[Brothel Love Story]

Method
Artist Utagawa School
Published c.1840
Dimensions Chūhon. 180 x 120 x 6 mm
Notes Woodblock printed book. Ink and colour ink on paper. Fukuro-toji (bag-bound) binding. 20 pages. Decorative front cover portraying people looking through latticed brothel windows that have the blinds rolled down, male and female people in the foreground, followed by a page illustrated with a sake bowl and a box of hair ornaments, and introductory page of text, two double page colour illustrations, and seven single page illustrations all showing couples inside a Yoshiwara brothel, followed by a 26 page erotic story. Rubbing and soiling to covers with some loss to image and paper on the front cover, some rubbing and soiling on lower right and left corners of pages throughout.

A rare shunga book depicting events in a Yoshiwara brothel. This depiction is not an accurate representation of what a man would experience in a brothel, but was intended to provide an affordable fantasy for the average Edo shunga purchaser.
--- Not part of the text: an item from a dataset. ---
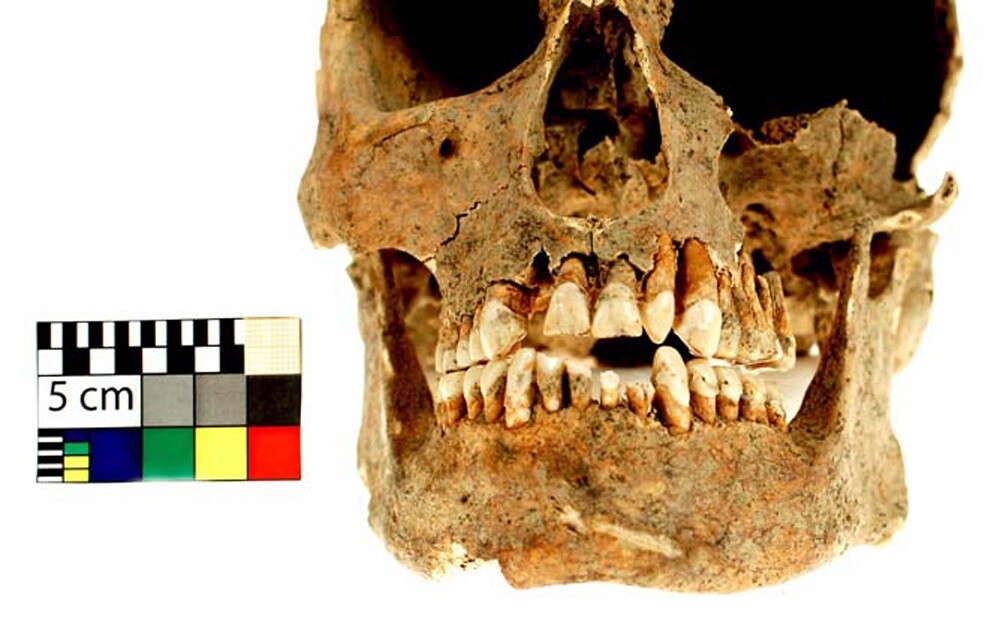 Poškození dentice, zdroj: Archeologické centrum Olomouc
Shunga is the term used for the body of erotic imagery produced in Japan from 1600 to 1900. The term shunga means spring pictures, a euphemism for sex, and is one of several names for erotic material produced in Japan. Shunga took different formats: painted hand scrolls, painted books, printed books and albums, and sets of prints which were sometimes sold in wrappers. As prints they are one of the genres of ukiyo-e, or Floating World prints, which also include fukeiga (landscape prints), and bijin-ga (prints of beautiful women). Most of the major ukiyo-e artists produced shunga material at some point during their careers, including Utamaro (who produced more erotic books than non-erotic books), Hokusai, and Hiroshige. Produced at the same time as the introduction of full colour woodblock printing, shunga prints and books were made using the most lavish and complicated printing techniques, including gauffrage, metallic inks, mica, complicated printed patterns, and multicolour printing using a high number of different colours. Although prolific in its number and variety, shunga should be seen as more representative of the ideals of the ukiyo, with its emphasis on mutual pleasure, rather than as an accurate representation of Japanese attitudes and practices of sexuality. Shunga present an invitation to pleasure through the bliss of lovemaking and though largely heteronormative, they portray the full gamut of couplings, married or otherwise, often surrounded by lavish settings and objects of pleasure.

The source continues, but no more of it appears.